Table of Contents
Chapter 1 – Literature Review
1.1 Greek public sector
1.2 The size of Public Sector in Greece
1.3 Private and Public Sector – Differences
1.4 Reform Proposals for the Greek Public sector – Human Resources
1.5 Theory of Human Capital
1.7 Job satisfaction
Chapter 1 – Literature Review
1.1 Greek public sector
The last three years, Greek economy has entered a stage of high instability, insecurity and unpredictable perspective.
The sharp drop in economic activity and the dramatic rise in unemployment have already made a significant impact on real income and living standards of employees and pensioners, testing therefore, the limits of social cohesion in Greece. A milestone of these developments was the financial crisis experienced by the Greek economy since the autumn of 2009 and in particular, the Greek public sector which is subject to strong pressures from the external environment, to enhance its effectiveness and improve the efficiency of its services. The financial crisis has revealed chronic structural problems of the financial system and the Greek economy as a whole.
Although the debate is stuck in the trap of bankruptcy and economic policy imposed by the creditors of Greece through the International Monetary Fund (IMF), the European Commission and the European Central Bank (ECB). In relevant discussions emphasis (Tsiafi, 2011) was given to the size of the Greek public sector and the need to shrink the state, reduce costs and reduce public employment.
The concept of the public sector is in terms of legal content, is not clearly defined and uniform. The legislation refers to its organizational function, is scattered and fragmented and is often integrated in texts which are not directly related to the organization of the public administration, but various issues not related among them (Tsiafi, 2011).
For the first time the legal concept of "public domain" is introduced by Law 1256/1982 (Government Gazette No. 65 31 May 1982, issue A) and delimited the context of broader government agencies that make up the concept.

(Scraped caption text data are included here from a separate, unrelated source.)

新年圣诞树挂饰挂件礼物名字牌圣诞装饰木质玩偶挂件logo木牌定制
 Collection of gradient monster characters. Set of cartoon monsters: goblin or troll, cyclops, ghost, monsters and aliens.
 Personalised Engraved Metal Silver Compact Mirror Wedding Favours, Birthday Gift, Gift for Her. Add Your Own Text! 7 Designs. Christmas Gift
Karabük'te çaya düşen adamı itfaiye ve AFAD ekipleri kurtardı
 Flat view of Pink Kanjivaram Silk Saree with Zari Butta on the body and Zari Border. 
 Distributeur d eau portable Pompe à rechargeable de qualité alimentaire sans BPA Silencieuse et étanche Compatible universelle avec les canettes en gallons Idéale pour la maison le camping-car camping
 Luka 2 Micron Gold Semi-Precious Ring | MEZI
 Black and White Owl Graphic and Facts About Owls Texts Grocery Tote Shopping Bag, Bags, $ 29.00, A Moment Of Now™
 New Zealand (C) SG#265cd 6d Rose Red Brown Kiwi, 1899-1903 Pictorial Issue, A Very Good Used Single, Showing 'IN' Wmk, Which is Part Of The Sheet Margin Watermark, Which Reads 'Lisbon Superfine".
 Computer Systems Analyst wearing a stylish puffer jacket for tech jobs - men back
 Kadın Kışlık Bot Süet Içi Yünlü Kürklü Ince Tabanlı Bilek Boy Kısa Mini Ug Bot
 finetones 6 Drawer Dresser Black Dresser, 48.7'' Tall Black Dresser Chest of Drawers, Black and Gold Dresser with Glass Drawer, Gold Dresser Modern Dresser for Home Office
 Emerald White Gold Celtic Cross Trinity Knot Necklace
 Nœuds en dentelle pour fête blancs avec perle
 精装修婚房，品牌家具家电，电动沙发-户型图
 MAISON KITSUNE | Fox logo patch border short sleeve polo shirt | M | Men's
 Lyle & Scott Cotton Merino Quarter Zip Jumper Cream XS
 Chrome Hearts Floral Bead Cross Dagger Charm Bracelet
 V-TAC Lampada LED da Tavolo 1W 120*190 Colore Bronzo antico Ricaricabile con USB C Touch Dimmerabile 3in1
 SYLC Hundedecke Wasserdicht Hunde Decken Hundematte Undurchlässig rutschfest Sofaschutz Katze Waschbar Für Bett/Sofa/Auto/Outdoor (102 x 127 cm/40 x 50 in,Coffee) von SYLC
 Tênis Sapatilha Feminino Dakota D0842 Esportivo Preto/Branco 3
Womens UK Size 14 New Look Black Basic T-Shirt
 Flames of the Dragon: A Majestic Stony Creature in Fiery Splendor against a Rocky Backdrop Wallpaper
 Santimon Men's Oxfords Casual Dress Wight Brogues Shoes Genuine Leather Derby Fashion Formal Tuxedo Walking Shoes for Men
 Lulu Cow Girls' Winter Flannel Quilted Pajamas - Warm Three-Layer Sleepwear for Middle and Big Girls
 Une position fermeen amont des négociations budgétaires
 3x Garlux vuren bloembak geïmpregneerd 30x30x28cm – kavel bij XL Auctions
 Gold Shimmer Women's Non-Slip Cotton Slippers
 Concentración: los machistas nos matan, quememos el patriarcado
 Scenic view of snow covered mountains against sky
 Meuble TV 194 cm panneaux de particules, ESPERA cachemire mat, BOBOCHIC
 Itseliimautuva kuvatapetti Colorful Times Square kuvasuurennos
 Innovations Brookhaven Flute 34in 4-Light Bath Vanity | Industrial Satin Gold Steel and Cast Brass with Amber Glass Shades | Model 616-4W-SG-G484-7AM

In particular the concept of "public domain" includes:
a) The state or public services
b) The state or public institutions that act as Public Entities
c) The state or public companies and concession, such as PPC, OTE
d) The charitable foundations of the Civil Code which were placed under state financed or subsidized by it.
e) The Bank and other anonymous Companies
f) The State entities designated by law or the courts as legal entities funded or sponsored by any of the above entities
g) The subsidiary companies of the above legal entities of the subsections controlled directly or indirectly by them.
As it is apparent from the wording of the law a state legal person in the public sector to belong to the public sector, it is required on the one hand, to be characterized as private entity (NPID) and on the other hand, to be funded or subsidized (Tsiafi, 2011).
The organizational model of ' bureaucracy ' is a global organizational form that has affected both public organizations and the business field around the globe. .
The managerial organizational systems are the means by which the exercise of power carried by the public administration are organized, so that this power is, on the one hand, practiced both across the country and solve all the problems of social and civic life in the context of operation of the rule of law (Tsiafi , 2011).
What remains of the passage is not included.